1) Name special variables using asterisks "*ls*"
2) Never use literal objects if you plan to destructively modify them
(see below)

Minor issue - naming variables is often better done using the
semantics within the program and
not their actual type (I guess you you used "ls" as an abbreviation of
"list").

> ;;while macro similar to dotimes.
> (defmacro while (condition &rest body)
>                (let ((var (gensym)))
>                  `(do ((,var nil (progn ,@body)))
>                       ((null ,condition) ,var))))

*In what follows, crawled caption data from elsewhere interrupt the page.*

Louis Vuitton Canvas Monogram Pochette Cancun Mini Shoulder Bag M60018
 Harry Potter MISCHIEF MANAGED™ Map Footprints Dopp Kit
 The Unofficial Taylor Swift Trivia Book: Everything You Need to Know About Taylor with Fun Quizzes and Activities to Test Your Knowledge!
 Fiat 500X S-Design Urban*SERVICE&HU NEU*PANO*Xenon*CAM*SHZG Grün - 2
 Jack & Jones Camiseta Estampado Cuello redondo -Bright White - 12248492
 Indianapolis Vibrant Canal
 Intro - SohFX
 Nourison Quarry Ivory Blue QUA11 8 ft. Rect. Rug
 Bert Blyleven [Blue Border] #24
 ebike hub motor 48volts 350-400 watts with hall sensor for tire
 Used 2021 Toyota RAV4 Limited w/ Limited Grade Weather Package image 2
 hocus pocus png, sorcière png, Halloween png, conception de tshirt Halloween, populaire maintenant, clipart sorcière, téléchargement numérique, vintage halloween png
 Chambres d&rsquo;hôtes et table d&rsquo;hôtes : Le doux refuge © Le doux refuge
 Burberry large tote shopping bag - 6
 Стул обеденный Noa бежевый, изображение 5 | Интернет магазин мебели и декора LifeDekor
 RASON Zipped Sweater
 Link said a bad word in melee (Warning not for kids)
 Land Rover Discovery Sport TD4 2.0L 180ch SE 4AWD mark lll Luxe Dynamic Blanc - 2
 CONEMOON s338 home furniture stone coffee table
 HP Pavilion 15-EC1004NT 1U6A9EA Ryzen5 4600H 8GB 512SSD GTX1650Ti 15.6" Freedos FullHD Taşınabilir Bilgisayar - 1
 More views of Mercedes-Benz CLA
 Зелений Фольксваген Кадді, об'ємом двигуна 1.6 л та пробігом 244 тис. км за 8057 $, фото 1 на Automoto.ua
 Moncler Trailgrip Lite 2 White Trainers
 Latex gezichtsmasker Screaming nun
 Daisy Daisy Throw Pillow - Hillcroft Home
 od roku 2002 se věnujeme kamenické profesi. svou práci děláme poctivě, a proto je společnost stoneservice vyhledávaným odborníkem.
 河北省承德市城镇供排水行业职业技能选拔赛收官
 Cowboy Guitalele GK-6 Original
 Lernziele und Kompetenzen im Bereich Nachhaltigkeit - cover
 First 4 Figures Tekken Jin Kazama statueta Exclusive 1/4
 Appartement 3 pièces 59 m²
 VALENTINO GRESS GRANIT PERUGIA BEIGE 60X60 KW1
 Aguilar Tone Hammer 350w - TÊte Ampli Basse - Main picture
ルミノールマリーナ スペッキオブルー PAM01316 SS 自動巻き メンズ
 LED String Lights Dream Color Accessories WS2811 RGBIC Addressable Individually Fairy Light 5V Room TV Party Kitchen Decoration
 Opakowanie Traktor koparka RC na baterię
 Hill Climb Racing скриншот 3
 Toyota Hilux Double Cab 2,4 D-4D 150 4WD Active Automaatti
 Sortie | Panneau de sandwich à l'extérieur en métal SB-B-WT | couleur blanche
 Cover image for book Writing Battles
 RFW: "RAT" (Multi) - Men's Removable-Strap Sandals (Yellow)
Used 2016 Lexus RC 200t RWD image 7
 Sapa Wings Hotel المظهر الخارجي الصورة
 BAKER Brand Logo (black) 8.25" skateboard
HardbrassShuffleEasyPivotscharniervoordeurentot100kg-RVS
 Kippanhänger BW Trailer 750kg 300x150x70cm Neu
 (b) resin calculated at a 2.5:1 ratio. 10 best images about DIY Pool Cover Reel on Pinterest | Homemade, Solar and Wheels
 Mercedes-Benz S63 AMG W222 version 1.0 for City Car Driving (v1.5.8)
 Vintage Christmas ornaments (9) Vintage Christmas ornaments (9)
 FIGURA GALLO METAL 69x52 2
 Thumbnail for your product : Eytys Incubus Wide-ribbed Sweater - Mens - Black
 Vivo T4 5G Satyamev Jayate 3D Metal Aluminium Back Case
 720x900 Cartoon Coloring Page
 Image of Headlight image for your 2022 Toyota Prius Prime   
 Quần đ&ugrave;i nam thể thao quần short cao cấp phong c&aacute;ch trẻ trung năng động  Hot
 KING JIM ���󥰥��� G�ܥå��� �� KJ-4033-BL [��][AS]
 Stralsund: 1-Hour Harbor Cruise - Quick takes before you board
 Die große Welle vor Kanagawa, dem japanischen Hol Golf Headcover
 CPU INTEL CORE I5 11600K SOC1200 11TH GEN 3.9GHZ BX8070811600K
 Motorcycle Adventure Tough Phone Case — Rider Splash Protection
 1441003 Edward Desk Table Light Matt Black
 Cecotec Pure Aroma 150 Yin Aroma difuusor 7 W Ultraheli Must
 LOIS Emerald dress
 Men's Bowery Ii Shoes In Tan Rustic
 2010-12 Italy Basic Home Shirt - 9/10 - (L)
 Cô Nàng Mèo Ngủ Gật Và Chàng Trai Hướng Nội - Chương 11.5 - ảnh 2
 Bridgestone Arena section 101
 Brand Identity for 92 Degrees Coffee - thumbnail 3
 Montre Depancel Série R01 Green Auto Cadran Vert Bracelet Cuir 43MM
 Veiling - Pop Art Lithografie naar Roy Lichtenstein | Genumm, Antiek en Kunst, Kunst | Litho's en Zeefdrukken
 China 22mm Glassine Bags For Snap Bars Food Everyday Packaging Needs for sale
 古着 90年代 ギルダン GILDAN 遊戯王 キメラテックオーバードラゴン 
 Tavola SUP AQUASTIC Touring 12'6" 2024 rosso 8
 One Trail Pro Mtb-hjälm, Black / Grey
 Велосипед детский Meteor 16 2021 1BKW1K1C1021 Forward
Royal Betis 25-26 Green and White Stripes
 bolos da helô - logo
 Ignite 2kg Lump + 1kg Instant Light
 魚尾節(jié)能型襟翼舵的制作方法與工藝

Why to the hell do you need this macro if you actually really want
dotimes (a counting loop)?

> ;;Tabulate like the pivot table.
>             (setf i 0)
>             (while (< i (length ls))
>               (setf j (+ i 1))
>               (while (< j (length ls))
>                 (if (AND (equal (nth i ls) (nth j ls)) (not (equal (nth j ls)
> 'indic)))
>                     (AND (setf (nth i counter)
>                                (+ (nth j counter) (nth i counter)))
>                          (AND (setf (nth j ls) 'indic) (setf (nth j counter) 'indic))))
> (incf j))
>               (pprint i)(incf i))
> ;;Remove the indicators.
>             (delete 'indic ls)
>             (delete 'indic counter)
> ;; printing ls and counter now gives the summed values.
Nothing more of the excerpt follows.